------ Material provided ------

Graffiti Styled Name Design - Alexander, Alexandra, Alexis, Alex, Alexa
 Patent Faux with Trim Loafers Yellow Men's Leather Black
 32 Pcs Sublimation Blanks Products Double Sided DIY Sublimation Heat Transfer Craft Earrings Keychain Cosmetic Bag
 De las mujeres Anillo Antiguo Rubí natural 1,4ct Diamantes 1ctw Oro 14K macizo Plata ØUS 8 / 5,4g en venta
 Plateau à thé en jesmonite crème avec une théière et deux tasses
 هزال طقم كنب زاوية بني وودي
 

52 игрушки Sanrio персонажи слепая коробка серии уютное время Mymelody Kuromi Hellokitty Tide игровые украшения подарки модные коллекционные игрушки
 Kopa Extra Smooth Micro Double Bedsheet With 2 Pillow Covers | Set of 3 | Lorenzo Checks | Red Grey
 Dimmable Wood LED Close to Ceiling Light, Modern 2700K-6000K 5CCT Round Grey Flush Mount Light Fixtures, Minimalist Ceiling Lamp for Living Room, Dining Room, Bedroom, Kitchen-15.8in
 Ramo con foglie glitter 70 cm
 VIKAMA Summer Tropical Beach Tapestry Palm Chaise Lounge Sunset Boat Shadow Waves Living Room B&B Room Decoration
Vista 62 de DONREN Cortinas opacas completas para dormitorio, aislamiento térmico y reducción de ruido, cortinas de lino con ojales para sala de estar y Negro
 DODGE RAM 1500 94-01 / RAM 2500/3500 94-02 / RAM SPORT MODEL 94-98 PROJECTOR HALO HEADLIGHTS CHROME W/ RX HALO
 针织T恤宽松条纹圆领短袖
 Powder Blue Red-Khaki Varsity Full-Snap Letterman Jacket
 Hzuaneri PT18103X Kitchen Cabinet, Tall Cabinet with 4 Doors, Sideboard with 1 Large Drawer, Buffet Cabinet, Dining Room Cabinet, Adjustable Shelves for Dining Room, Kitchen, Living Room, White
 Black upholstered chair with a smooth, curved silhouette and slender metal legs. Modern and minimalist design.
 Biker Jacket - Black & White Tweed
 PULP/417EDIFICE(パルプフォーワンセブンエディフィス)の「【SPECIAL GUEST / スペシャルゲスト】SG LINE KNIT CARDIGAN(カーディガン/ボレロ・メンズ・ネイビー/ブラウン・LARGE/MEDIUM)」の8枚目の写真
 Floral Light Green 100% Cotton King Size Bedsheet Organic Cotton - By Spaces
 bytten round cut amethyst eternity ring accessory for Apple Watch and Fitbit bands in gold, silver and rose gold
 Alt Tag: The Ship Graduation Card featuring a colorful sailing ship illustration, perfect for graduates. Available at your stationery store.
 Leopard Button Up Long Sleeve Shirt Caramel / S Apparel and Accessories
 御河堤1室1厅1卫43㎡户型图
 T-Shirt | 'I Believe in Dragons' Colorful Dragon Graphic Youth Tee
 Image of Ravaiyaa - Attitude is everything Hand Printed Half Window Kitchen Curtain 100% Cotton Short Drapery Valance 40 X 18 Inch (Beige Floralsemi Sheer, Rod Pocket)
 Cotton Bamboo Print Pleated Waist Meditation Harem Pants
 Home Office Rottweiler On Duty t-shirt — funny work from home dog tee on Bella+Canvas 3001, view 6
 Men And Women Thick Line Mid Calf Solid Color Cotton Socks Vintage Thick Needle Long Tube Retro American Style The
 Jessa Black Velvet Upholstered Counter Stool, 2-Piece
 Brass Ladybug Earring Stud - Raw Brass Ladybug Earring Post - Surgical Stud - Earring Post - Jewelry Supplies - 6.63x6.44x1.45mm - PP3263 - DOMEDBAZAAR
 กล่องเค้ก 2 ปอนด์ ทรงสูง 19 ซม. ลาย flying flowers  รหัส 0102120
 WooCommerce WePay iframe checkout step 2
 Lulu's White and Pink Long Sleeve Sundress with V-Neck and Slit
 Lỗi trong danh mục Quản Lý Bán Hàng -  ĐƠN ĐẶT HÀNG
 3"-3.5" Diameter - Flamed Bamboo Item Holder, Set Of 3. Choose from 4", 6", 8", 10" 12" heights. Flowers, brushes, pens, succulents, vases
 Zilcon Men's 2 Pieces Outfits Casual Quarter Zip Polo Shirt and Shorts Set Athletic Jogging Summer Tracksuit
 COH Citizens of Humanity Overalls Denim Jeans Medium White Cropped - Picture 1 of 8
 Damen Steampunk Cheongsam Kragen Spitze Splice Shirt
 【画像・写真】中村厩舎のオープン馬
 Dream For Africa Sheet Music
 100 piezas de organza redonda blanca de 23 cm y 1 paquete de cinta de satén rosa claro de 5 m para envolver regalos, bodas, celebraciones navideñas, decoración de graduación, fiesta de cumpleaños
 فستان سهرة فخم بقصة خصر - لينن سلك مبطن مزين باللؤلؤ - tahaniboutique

------

■ What is expected
For every entry in the records above, write an exact copy.

■ Response
Graffiti Styled Name Design - Alexander, Alexandra, Alexis, Alex, Alexa
 Patent Faux with Trim Loafers Yellow Men's Leather Black
 32 Pcs Sublimation Blanks Products Double Sided DIY Sublimation Heat Transfer Craft Earrings Keychain Cosmetic Bag
 De las mujeres Anillo Antiguo Rubí natural 1,4ct Diamantes 1ctw Oro 14K macizo Plata ØUS 8 / 5,4g en venta
 Plateau à thé en jesmonite crème avec une théière et deux tasses
 هزال طقم كنب زاوية بني وودي
 

52 игрушки Sanrio персонажи слепая коробка серии уютное время Mymelody Kuromi Hellokitty Tide игровые украшения подарки модные коллекционные игрушки
 Kopa Extra Smooth Micro Double Bedsheet With 2 Pillow Covers | Set of 3 | Lorenzo Checks | Red Grey
 Dimmable Wood LED Close to Ceiling Light, Modern 2700K-6000K 5CCT Round Grey Flush Mount Light Fixtures, Minimalist Ceiling Lamp for Living Room, Dining Room, Bedroom, Kitchen-15.8in
 Ramo con foglie glitter 70 cm
 VIKAMA Summer Tropical Beach Tapestry Palm Chaise Lounge Sunset Boat Shadow Waves Living Room B&B Room Decoration
Vista 62 de DONREN Cortinas opacas completas para dormitorio, aislamiento térmico y reducción de ruido, cortinas de lino con ojales para sala de estar y Negro
 DODGE RAM 1500 94-01 / RAM 2500/3500 94-02 / RAM SPORT MODEL 94-98 PROJECTOR HALO HEADLIGHTS CHROME W/ RX HALO
 针织T恤宽松条纹圆领短袖
 Powder Blue Red-Khaki Varsity Full-Snap Letterman Jacket
 Hzuaneri PT18103X Kitchen Cabinet, Tall Cabinet with 4 Doors, Sideboard with 1 Large Drawer, Buffet Cabinet, Dining Room Cabinet, Adjustable Shelves for Dining Room, Kitchen, Living Room, White
 Black upholstered chair with a smooth, curved silhouette and slender metal legs. Modern and minimalist design.
 Biker Jacket - Black & White Tweed
 PULP/417EDIFICE(パルプフォーワンセブンエディフィス)の「【SPECIAL GUEST / スペシャルゲスト】SG LINE KNIT CARDIGAN(カーディガン/ボレロ・メンズ・ネイビー/ブラウン・LARGE/MEDIUM)」の8枚目の写真
 Floral Light Green 100% Cotton King Size Bedsheet Organic Cotton - By Spaces
 bytten round cut amethyst eternity ring accessory for Apple Watch and Fitbit bands in gold, silver and rose gold
 Alt Tag: The Ship Graduation Card featuring a colorful sailing ship illustration, perfect for graduates. Available at your stationery store.
 Leopard Button Up Long Sleeve Shirt Caramel / S Apparel and Accessories
 御河堤1室1厅1卫43㎡户型图
 T-Shirt | 'I Believe in Dragons' Colorful Dragon Graphic Youth Tee
 Image of Ravaiyaa - Attitude is everything Hand Printed Half Window Kitchen Curtain 100% Cotton Short Drapery Valance 40 X 18 Inch (Beige Floralsemi Sheer, Rod Pocket)
 Cotton Bamboo Print Pleated Waist Meditation Harem Pants
 Home Office Rottweiler On Duty t-shirt — funny work from home dog tee on Bella+Canvas 3001, view 6
 Men And Women Thick Line Mid Calf Solid Color Cotton Socks Vintage Thick Needle Long Tube Retro American Style The
 Jessa Black Velvet Upholstered Counter Stool, 2-Piece
 Brass Ladybug Earring Stud - Raw Brass Ladybug Earring Post - Surgical Stud - Earring Post - Jewelry Supplies - 6.63x6.44x1.45mm - PP3263 - DOMEDBAZAAR
 กล่องเค้ก 2 ปอนด์ ทรงสูง 19 ซม. ลาย flying flowers  รหัส 0102120
 WooCommerce WePay iframe checkout step 2
 Lulu's White and Pink Long Sleeve Sundress with V-Neck and Slit
 Lỗi trong danh mục Quản Lý Bán Hàng -  ĐƠN ĐẶT HÀNG
 3"-3.5" Diameter - Flamed Bamboo Item Holder, Set Of 3. Choose from 4", 6", 8", 10" 12" heights. Flowers, brushes, pens, succulents, vases
 Zilcon Men's 2 Pieces Outfits Casual Quarter Zip Polo Shirt and Shorts Set Athletic Jogging Summer Tracksuit
 COH Citizens of Humanity Overalls Denim Jeans Medium White Cropped - Picture 1 of 8
 Damen Steampunk Cheongsam Kragen Spitze Splice Shirt
 【画像・写真】中村厩舎のオープン馬
 Dream For Africa Sheet Music
 100 piezas de organza redonda blanca de 23 cm y 1 paquete de cinta de satén rosa claro de 5 m para envolver regalos, bodas, celebraciones navideñas, decoración de graduación, fiesta de cumpleaños
 فستان سهرة فخم بقصة خصر - لينن سلك مبطن مزين باللؤلؤ - tahaniboutique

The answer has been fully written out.